In all honesty, the signing of John Barnes is probably what springs most readily to mind for the majority of Liverpool supporters when they think of Watford, and if you’re ever feeling nostalgic (and/or drunk) and check out a few of the Barnes compilations on Youtube, you’ll quickly see that he had quite a few magic moments in yellow as well as red. His arrival at Anfield for £900,000 in the summer of 1987 was not only a catalyst for what would become (and remains) arguably the greatest Liverpool team and season that many of us have ever witnessed, it led directly to Watford’s demise – not only was his absence (along with that of Taylor, himself recently departed for Aston Villa) keenly felt at Vicarage Road that season, Barnes ended up scoring 2 of the 8 goals that Liverpool stuck past them on their way to relegation.

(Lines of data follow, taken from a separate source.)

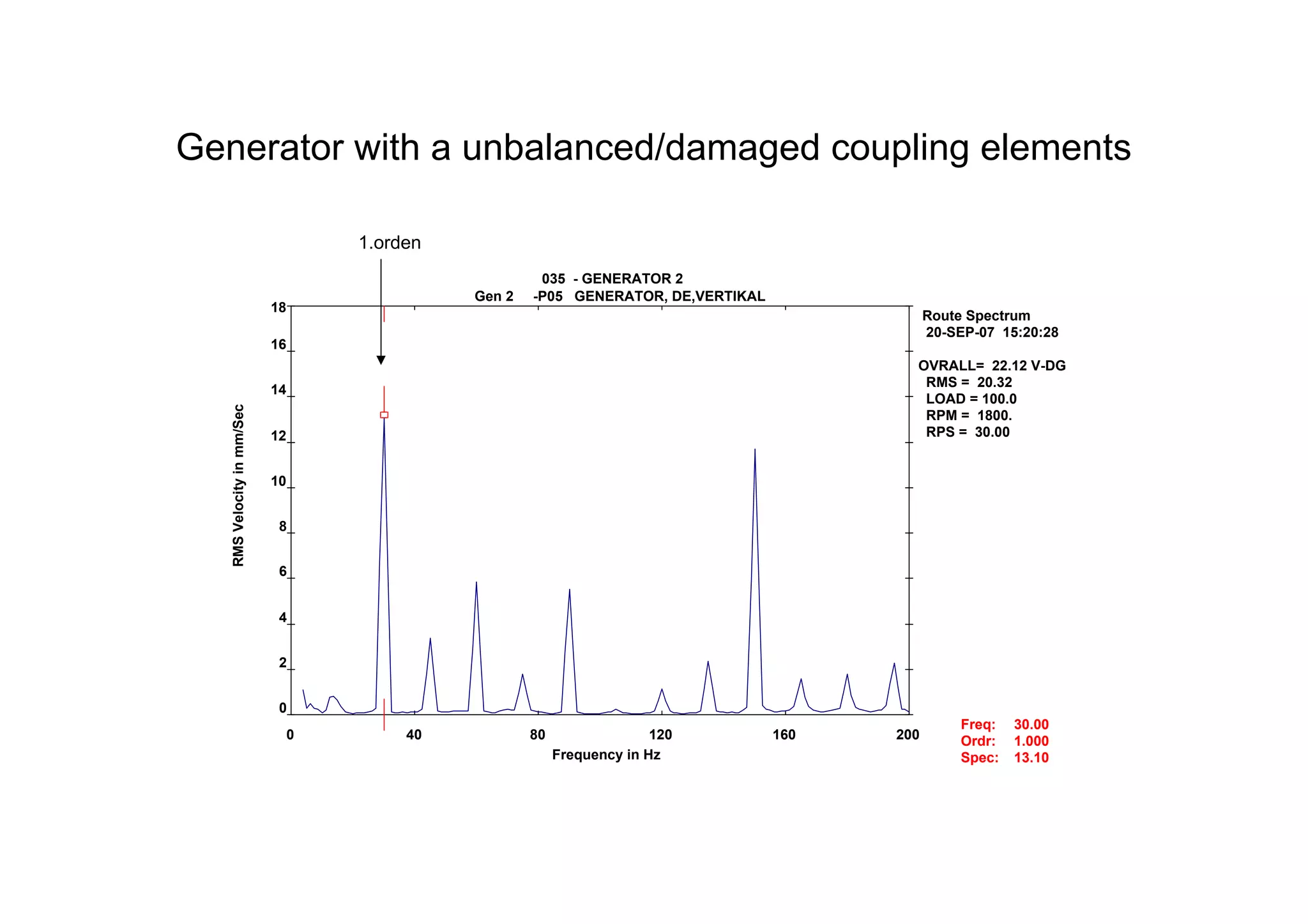 Generator with a unbalanced/damaged coupling elements
035 - GENERATOR 2
Gen 2 -P05 GENERATOR, DE,VERTIKAL
Route Spectrum
20-SEP-07 15:20:28
OVRALL= 22.12 V-DG
RMS = 20.32
LOAD = 100.0
RPM = 1800.
RPS = 30.00
0 40 80 120 160 200
0
2
4
6
8
10
12
14
16
18
Frequency in Hz
RMSVelocityinmm/Sec
Freq:
Ordr:
Spec:
30.00
1.000
13.10
1.orden
 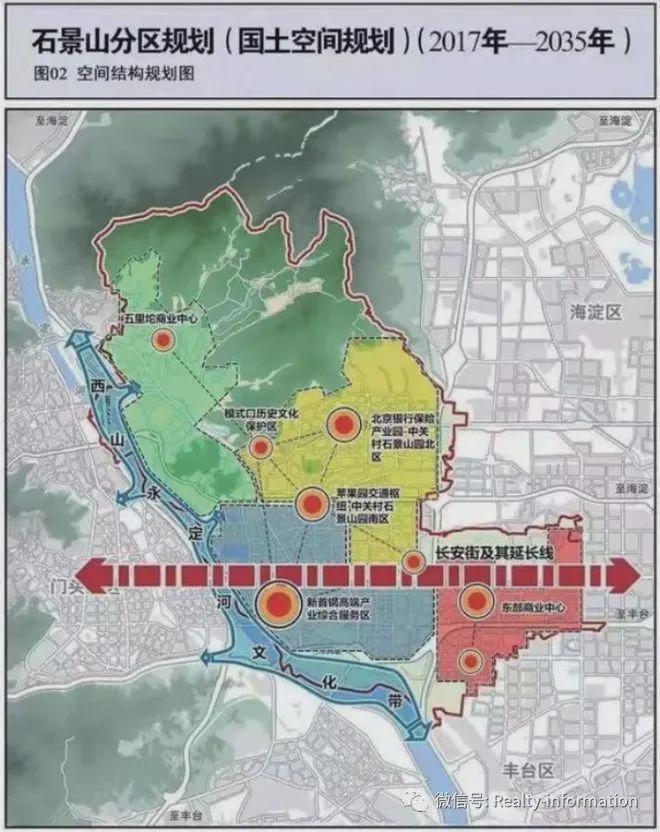 九游官網入口：越秀天玥售樓處-北京越秀天玥官方網站歡迎您丨2025最新詳情房價(圖12)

More recently, the nature and outcome of Liverpool’s last two visits to Vicarage Road since Watford’s return to the top flight in 2015 have differed wildly. In December of that year, five days before Christmas, stand-in ‘keeper Adam Bogdan got into the festive spirit early by gift-wrapping a goal for Nathan Ake after just 3 minutes, dropping a fairly standard corner delivery which the on-loan Chelsea defender then stabbed home as the Hungarian tried vainly to retrieve his error. 12 minutes later, Martin Škrtel’s lamentable attempts to show Odion Ighalo away from goal only succeeded in ushering the Watford striker through with everything bar an accompanying red carpet. 2-0 down after 15 of the most abject minutes we’ve seen under Klopp and defensively a rabble, Liverpool ultimately lost 3-0. After an initial bounce under the new manager that included emphatic wins at Stamford Bridge and the Etihad, the sheer amount of work ahead had become suddenly, and terrifyingly, clear.
Flash forward to 1 May 2017 and Liverpool’s next trip south. Only one member of the back-four and goalkeeper who had started the previous edition of this fixture (Nathanial Clyne) remained. Gone entirely were Bogdan, Škrtel and Mamadou Sakho, with Alberto Moreno now banished to the bench. In a game with a whole lot riding on it, or at least the sum total of the prizes left available to the club at that stage of the season (i.e. Champions League qualification), the performance and result were very different.
This time Watford, aside from injury-time and the mandatory 5 minutes of heart-in-mouth defending that seems to accompany even the most comfortable Liverpool performances, were utterly nullified. Not that this was necessarily an achievement in and of itself: Watford finished 17th, parted ways with their manager and lost their final game of the season 0-5 at home to Manchester City. They were a very different prospect last May than they were in the days when the Quique Sanchez Flores honeymoon was ongoing (that 3-0 win in December 2015 put them a point outside the Champions League places with 17 played) and the Ighalo/Troy Deeney partnership couldn’t stop scoring. And yet the performance and result that night were very much part of a wider context.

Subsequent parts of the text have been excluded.